Intel's new CEO Pat Gelsinger helmed his first full earnings call for the company yesterday, echoing other industry leaders in saying that the ongoing industry-wide chip shortages could last several more years. Intel also reported that it set a quarterly record for the most notebook PC chips sold in its history, but also reported a sudden slump in data center sales that found revenue dropping 20%, a record for the segment, as the number of units shipped and average selling prices both declined dramatically. Intel also posted its lowest profitability for its server segment in recent history, which surely is exacerbated by AMD's continuing share gains and Intel's resultant price cuts.
Intel's first-quarter 2021 results were strong overall; the company raked in $18.6B in revenue, beating its January guidance by $1.1B (and analyst estimates). However, the impressive quarterly revenue is tempered by the fact that gross margins dropped to 58.4%, a 6.1 ppt decline year-over-year (YoY).
Chips shortages are top of mind, and Gelsinger said he expects the industry-wide chip shortages to last for several more years. A shortage of substrate materials and chip packaging capacity has hamstrung the industry, and Gelsinger said that Intel is bringing some of its chip packaging back in-house to improve its substrate supply. That new capacity comes online in Q2 and will "increase the availability of millions of units in 2021."
Intel's Client Computing Group (CCG), which produces both notebook and desktop PC chips, posted record notebook PC sales that were up 54% YoY. However, average selling prices (ASPs) dropped a surprising 20% YoY, which Intel chalked up to selling more lower-end devices, like low-end consumer and education (Chromebooks). Competitive pricing pressure from AMD's Ryzen 5000 Mobile processors also surely comes into play here.
Meanwhile, desktop PC volumes dropped 4% YoY while average selling prices dropped 5%, a continuation of an ongoing trend that's exacerbated by tough competition from AMD's Ryzen 5000 processors. All told, that led to CCG revenue being up 8% YoY. Intel's consumer chips now account for 59% of its revenue.

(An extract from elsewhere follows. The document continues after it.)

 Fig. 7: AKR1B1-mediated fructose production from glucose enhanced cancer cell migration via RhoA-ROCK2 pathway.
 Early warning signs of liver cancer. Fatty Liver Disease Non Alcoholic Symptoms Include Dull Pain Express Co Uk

Intel's Data Center Group (DCG) results were far less impressive. The unit's $5.6B in revenue was down 20% YoY, and Intel also shipped 13% fewer units than last year. Intel chalks this up to cloud inventory digestion, meaning that companies that ordered large numbers of chips in the past are still deploying that inventory. This is the second quarter in a row Intel has cited this as a reason for lowered revenue.

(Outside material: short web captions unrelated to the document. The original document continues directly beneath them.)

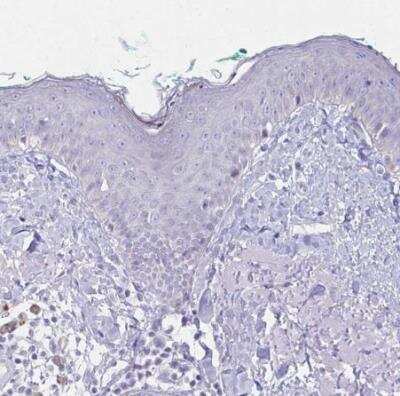 Immunohistochemistry-Paraffin: Fas Ligand/TNFSF6 Antibody [NBP2-49160]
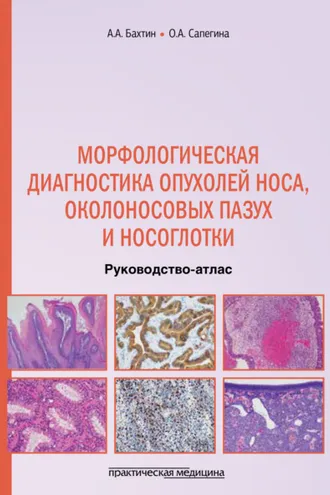 Обложка книги «Морфологическая диагностика опухолей носа, околоносовых пазух и носоглотки»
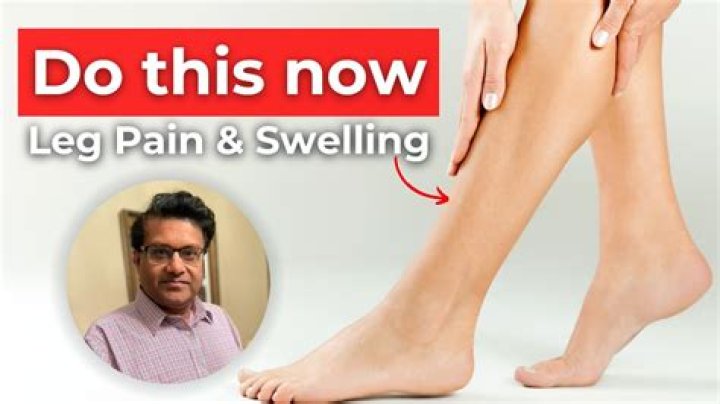 How do they remove a blood clot in your leg?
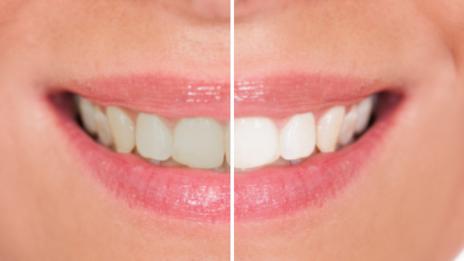 5 домашни трика за по-бели зъби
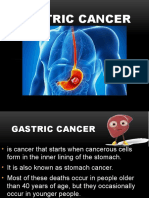 Gastric-cancer-and-Pancreatic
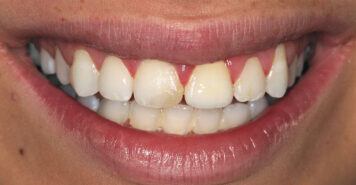 Family, Cosmetic & Implant Dentist in Lexington, KY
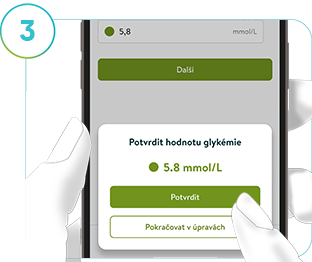 Snímek obrazovky „Kalibrace“ modulu Přehledy glukózy mySugr, který podrobně popisuje postup kalibrace senzoru CGM.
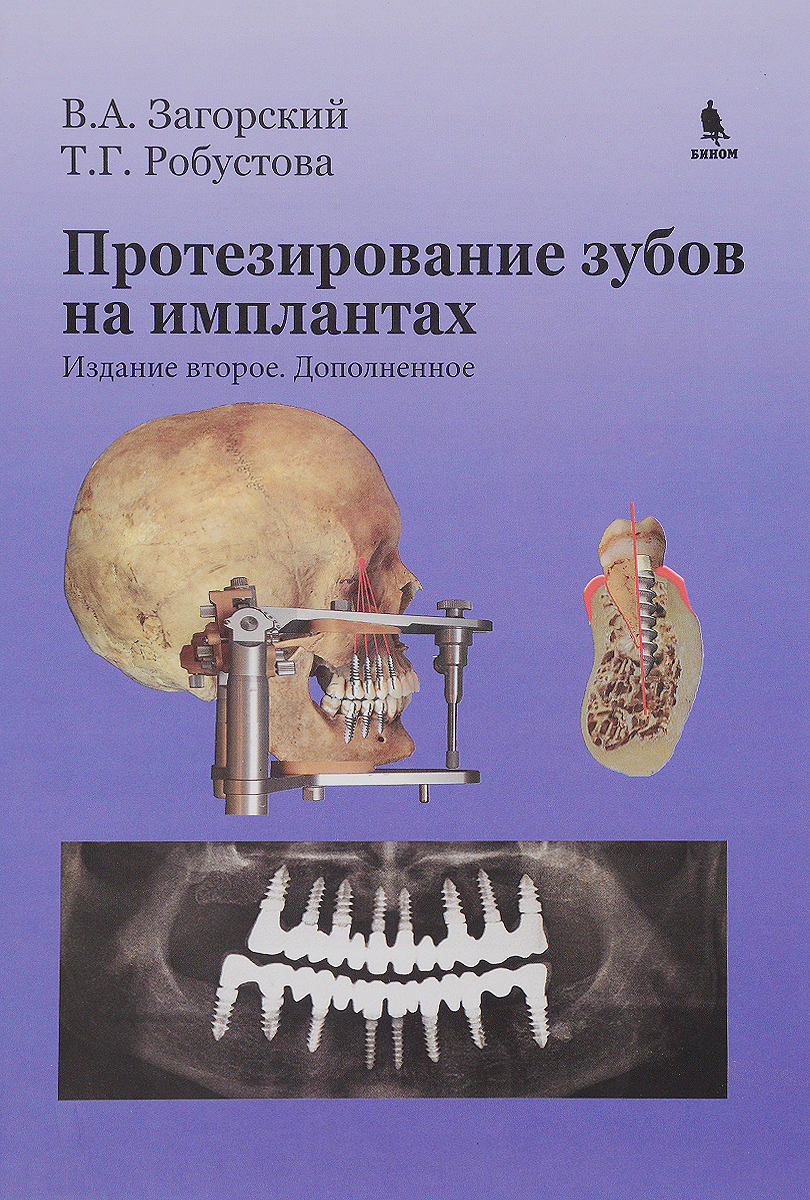 Протезирование зубов наимплантантах. изд. 2-е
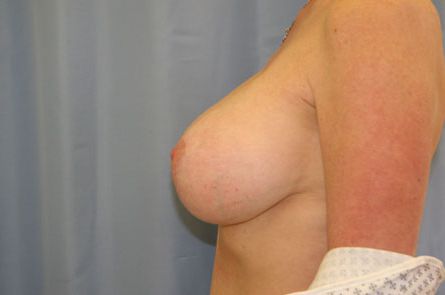 Breast Lift With Augmentation Before and After 12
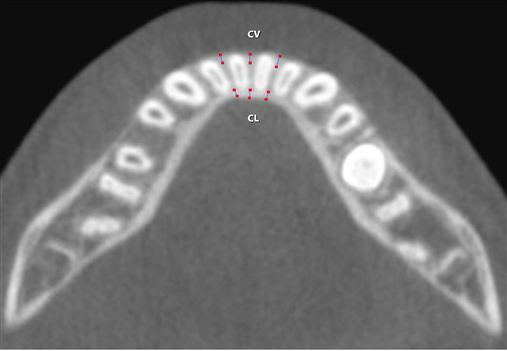 Avaliação tomográfica da região dos incisivos inferiores após tratamento com o aparelho de Herbst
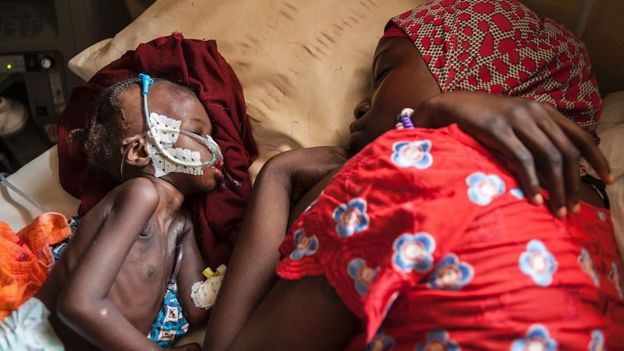 Niño con su madre en una clínica de Maiduguri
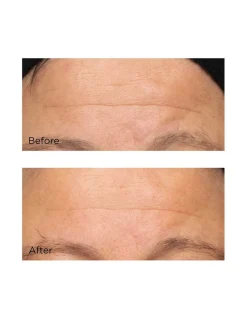 Cold Plasma Plus+ The Intensive Hydrating Complex | Perricone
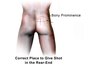 Gluteal injection site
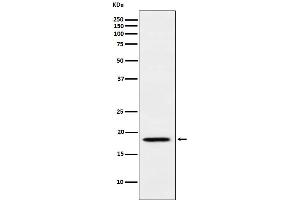 Western blot analysis of MTH1 expression in Jurkat cell lysate. (Recombinant NUDT1 antibody)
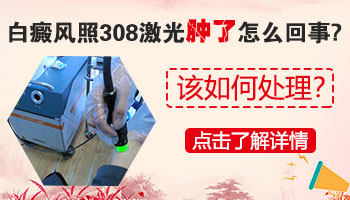 肚子上的白癜风怎么治疗比较好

Intel formally launched its Ice Lake Xeon processors earlier this month, and it isn't unheard of for large customers to pause purchases in the months before large product launches that bring big performance and efficiency gains. A complex mix of other factors could also contribute, like cloud service providers moving to their own chip designs and possible continued market share gains by AMD. Still, Intel expects its server chips sales to rebound in the second half of the year. We'll learn more when AMD releases its results, also with the market share reports that will arrive in a few weeks.
Intel's average selling prices for its server chips also dropped 14%. Intel cites an increase in sales of lower-cost networking SoCs as a contributor, but the company has also cut pricing drastically to compete with AMD's EPYC processors, which ultimately has an impact.

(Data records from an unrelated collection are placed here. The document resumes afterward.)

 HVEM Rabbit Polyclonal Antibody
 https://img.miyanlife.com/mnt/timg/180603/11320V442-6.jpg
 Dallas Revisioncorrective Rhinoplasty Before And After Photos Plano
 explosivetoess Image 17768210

DCG operating margins weighed in at 23%, a record low for a segment that typically runs in the 40% range, with Intel citing the impact of its 10nm Xeon ramp as a contributor. It's also noteworthy that 10nm is less profitable than Intel's 14nm process, so moving from 14nm Cascade Lake to 10nm Ice Lake will further impact margins.
Intel is moving forward with its plans to invest $20 billion this year as it expands its manufacturing capacity, with a good portion of that dedicated to its Intel Foundry Services (ISF) that will make chips for other companies, much like we see with other third-party foundries like TSMC. Gelsinger says Intel is engaging with 50+ potential customers already.
Gelsinger also noted that Intel has onboarded 2,000 new engineers this year and expects to bring on "several thousand" more later in the year. However, he didn't provide a frame of reference as to how that compares to Intel's normal hiring rate, which is an important distinction in an engineering-heavy company with over 110,000 employees.
Intel expects to ramp up its investments, and noted that it would reduce its stock buybacks as it plows more money into its investments. Intel guides for a 57% gross margin for the second quarter on $17.8B and a $1.05 EPS.